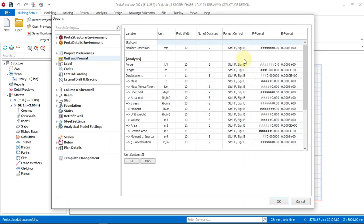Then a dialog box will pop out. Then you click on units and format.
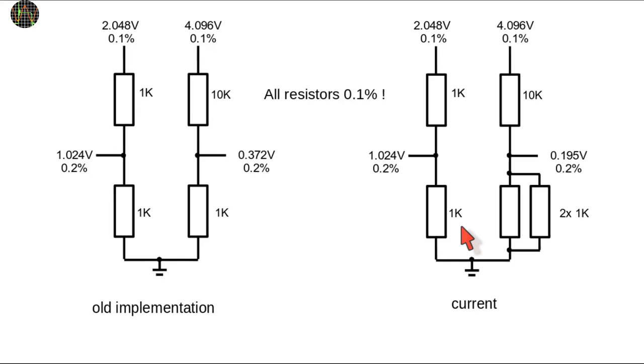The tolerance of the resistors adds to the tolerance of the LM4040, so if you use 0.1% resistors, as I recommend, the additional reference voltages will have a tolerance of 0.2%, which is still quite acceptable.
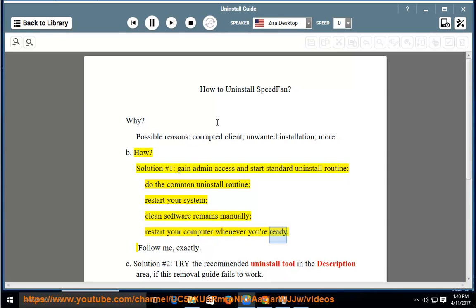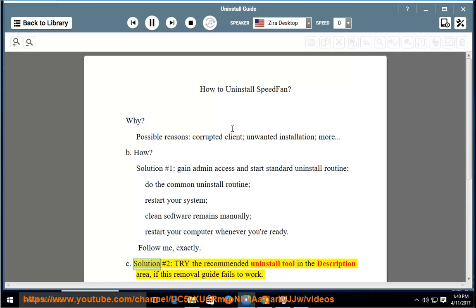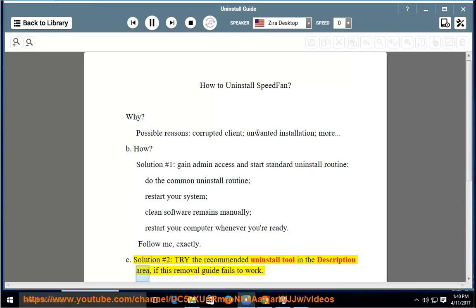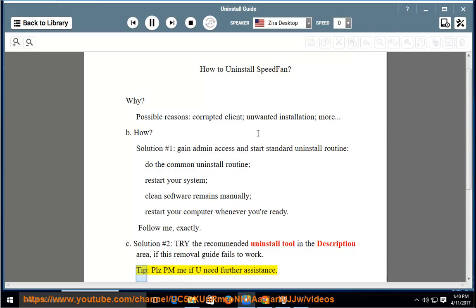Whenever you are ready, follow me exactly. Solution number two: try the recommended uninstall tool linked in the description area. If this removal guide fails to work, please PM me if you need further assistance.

--

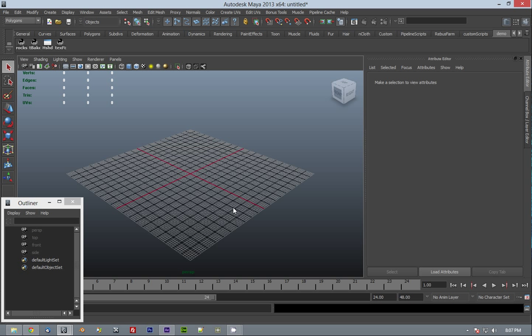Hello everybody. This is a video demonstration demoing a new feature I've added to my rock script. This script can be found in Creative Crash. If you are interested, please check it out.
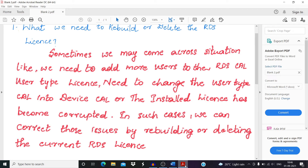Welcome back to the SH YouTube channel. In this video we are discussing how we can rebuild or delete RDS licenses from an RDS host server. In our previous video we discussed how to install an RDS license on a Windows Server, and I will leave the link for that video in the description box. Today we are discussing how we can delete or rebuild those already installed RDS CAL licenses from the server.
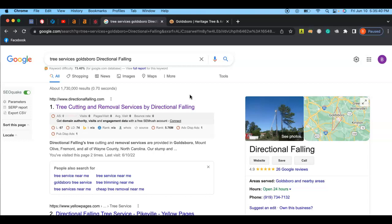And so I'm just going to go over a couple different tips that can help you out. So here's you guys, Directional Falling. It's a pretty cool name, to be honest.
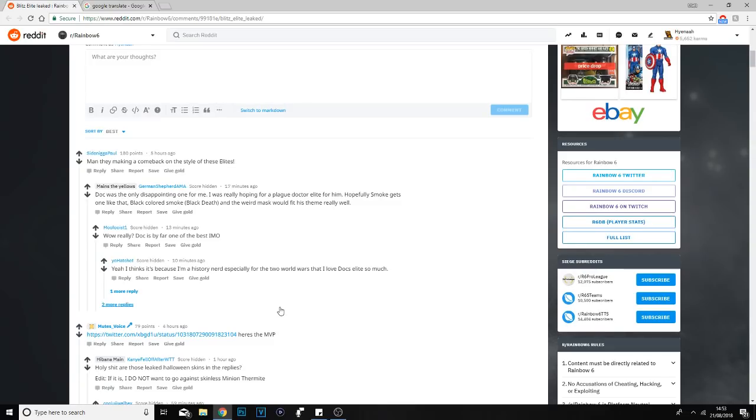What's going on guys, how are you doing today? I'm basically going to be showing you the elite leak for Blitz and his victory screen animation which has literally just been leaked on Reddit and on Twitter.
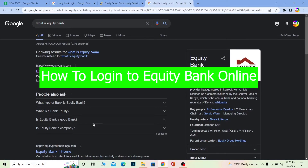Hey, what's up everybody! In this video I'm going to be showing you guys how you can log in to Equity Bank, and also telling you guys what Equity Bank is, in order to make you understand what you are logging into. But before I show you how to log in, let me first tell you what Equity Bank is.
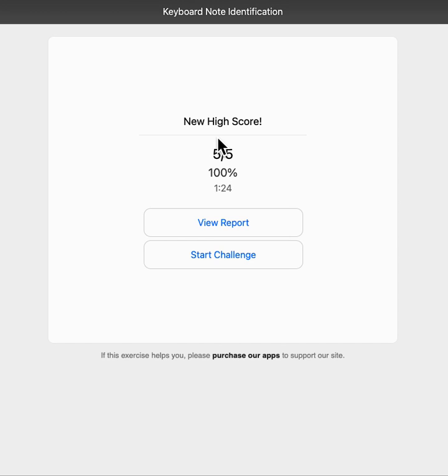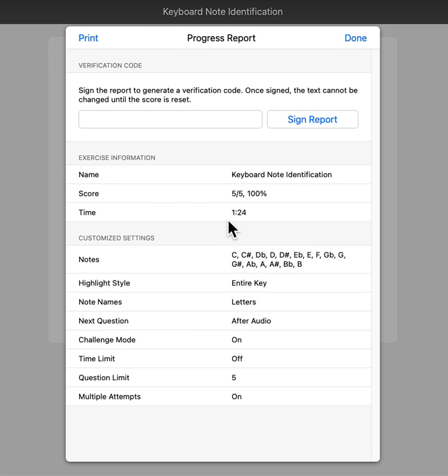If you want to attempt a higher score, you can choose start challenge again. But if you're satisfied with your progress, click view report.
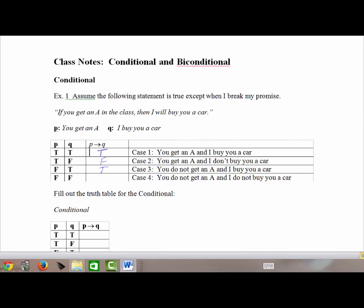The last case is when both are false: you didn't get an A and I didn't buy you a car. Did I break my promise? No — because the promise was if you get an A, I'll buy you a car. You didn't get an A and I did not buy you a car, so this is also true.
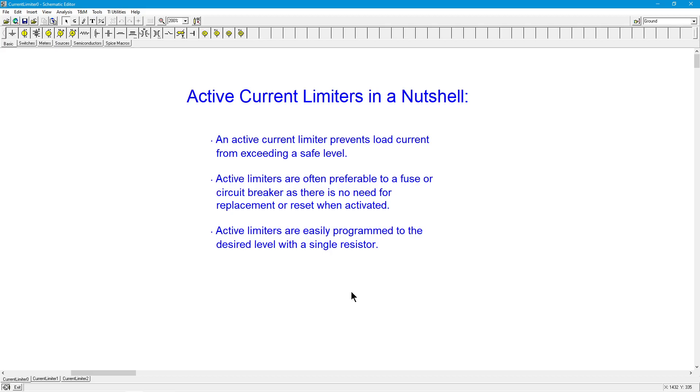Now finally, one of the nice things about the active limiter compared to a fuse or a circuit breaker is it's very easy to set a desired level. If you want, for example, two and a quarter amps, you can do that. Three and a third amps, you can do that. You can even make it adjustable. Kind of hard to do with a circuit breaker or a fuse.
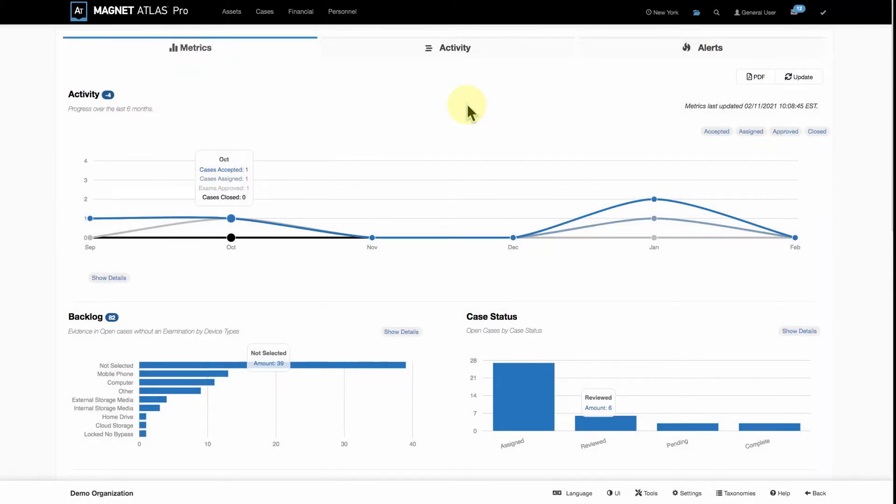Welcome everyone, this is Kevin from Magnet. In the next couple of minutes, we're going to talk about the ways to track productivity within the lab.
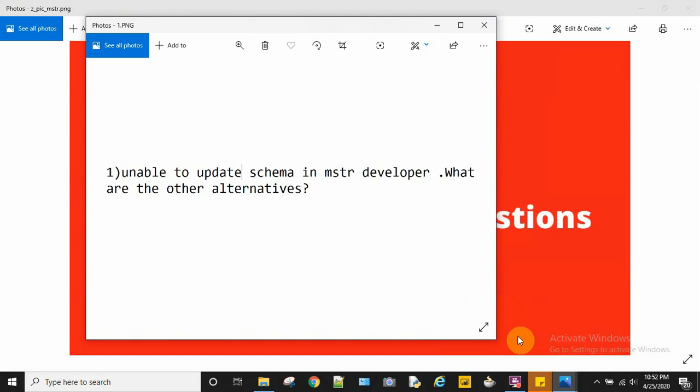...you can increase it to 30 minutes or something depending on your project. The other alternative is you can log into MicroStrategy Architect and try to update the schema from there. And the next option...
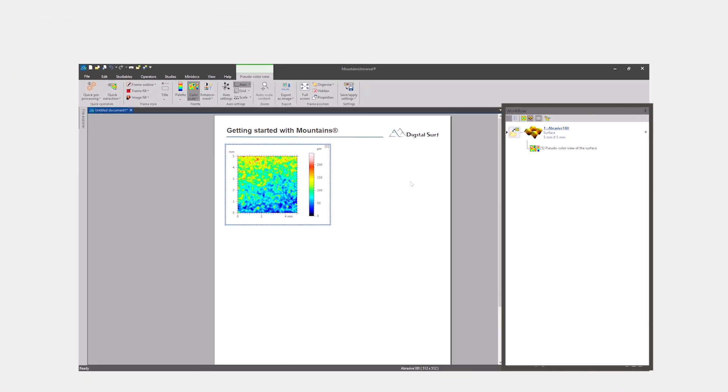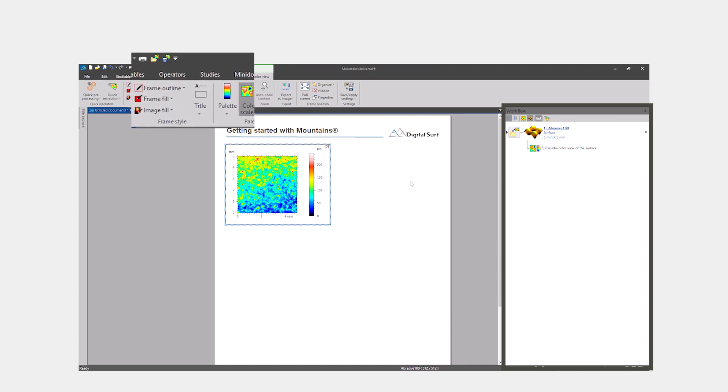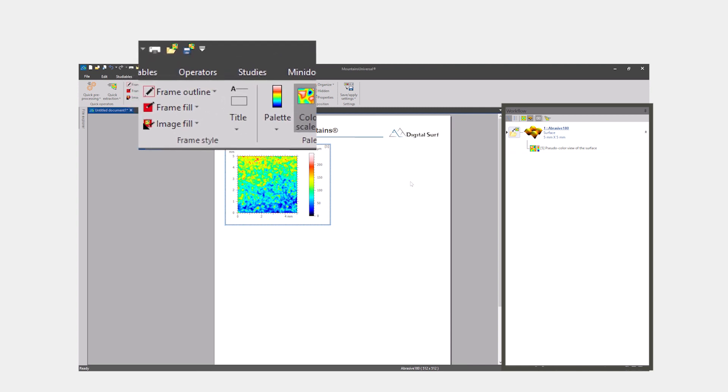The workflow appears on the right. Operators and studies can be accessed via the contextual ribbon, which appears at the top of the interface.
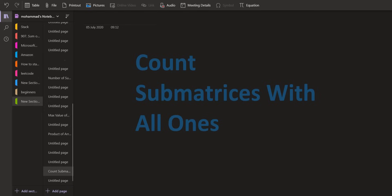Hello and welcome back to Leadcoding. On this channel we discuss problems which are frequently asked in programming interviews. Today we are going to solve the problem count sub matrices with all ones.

**Exercise brief:** When copying from the data above, begin at the line containing "The last case" and end at the line containing "Hello and welcome"; return those lines exactly and leave all pictures behind.

**Result for this exercise:**
The last case is when both are false: you didn't get an A and I didn't buy you a car. Did I break my promise? No — because the promise was if you get an A, I'll buy you a car. You didn't get an A and I did not buy you a car, so this is also true.
Now finally, one of the nice things about the active limiter compared to a fuse or a circuit breaker is it's very easy to set a desired level. If you want, for example, two and a quarter amps, you can do that. Three and a third amps, you can do that. You can even make it adjustable. Kind of hard to do with a circuit breaker or a fuse.
Welcome everyone, this is Kevin from Magnet. In the next couple of minutes, we're going to talk about the ways to track productivity within the lab.
...you can increase it to 30 minutes or something depending on your project. The other alternative is you can log into MicroStrategy Architect and try to update the schema from there. And the next option...
The workflow appears on the right. Operators and studies can be accessed via the contextual ribbon, which appears at the top of the interface.
Hello and welcome back to Leadcoding. On this channel we discuss problems which are frequently asked in programming interviews. Today we are going to solve the problem count sub matrices with all ones.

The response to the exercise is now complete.